C'est dans ce monde à l'agonie qu'Alfar, Elfe noir banni des forces de police — pardon, de l'Escadron noir — , aujourd'hui à son compte, est amené à enquêter sur la mort d'un lutin, le dernier de sa race. Comme de bien entendu, tout le monde va se mettre en travers de son chemin, la mafia locale, l'Escadron noir, les Effrits, ces êtres du désert qui voient en lui l'élu d'une prophétie tordue, chacun y allant de son passage à tabac en règle. C'est donc avec un éternel pansement sur son nez fracturé qu'Alfar subira plus qu'il ne mènera son enquête. Il ne pourra compter que sur son fidèle douze coups chargé de féériballes, des projectiles magiques aux effets imprévisibles mais souvent meurtriers, et un étrange allié aux pouvoirs suspects qui se prétend Elfe de sang.

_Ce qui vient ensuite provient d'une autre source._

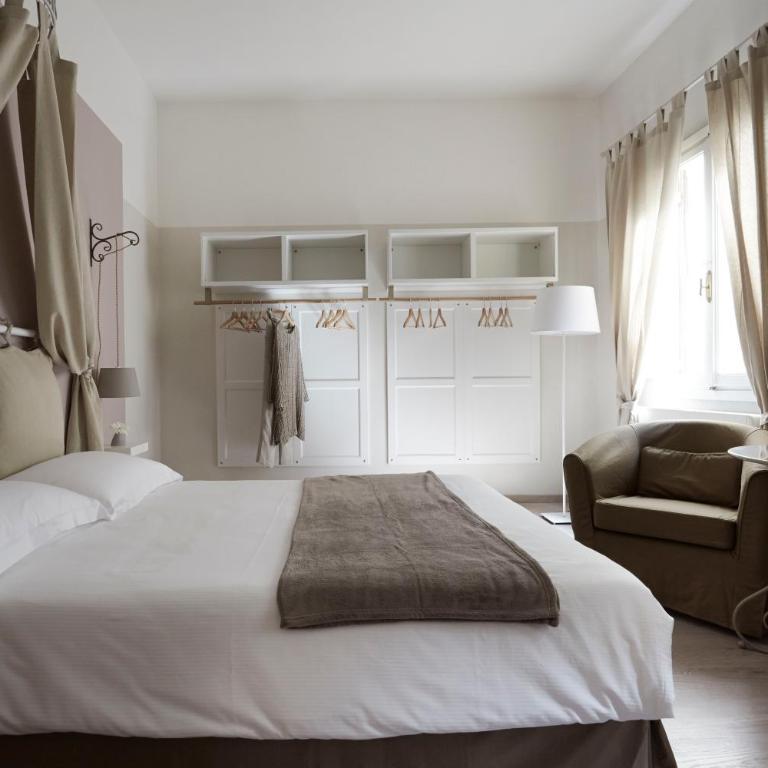 Yome - Your Home in Florence - Appartement 2 Chambres - Bâtiment Séparé - 5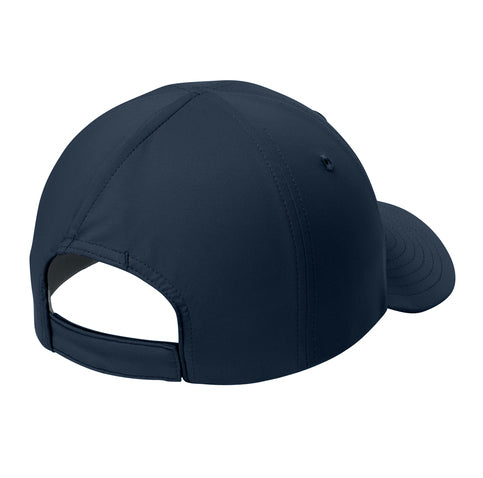 Port Authority All-Day Performance UPF Ponytail Cap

Ce texte, quoique très référencé, ne tombe jamais dans le piège de l'humour potache, qui aurait tôt fait de changer le pastiche en pochade. Ici tout est noir, très noir. Il est question d'hôpitaux-mouroirs pour camés pleins jusqu'aux yeux, d'industrie du porno, de prostitution sauvage, de torture pas pour rigoler. Une lecture à déconseiller aux plus jeunes, donc, mais tout à fait recommandable aux autres, pour peu qu'un grand écart entre James Ellroy et
J. R. R. Tolkien ne leur fasse pas peur.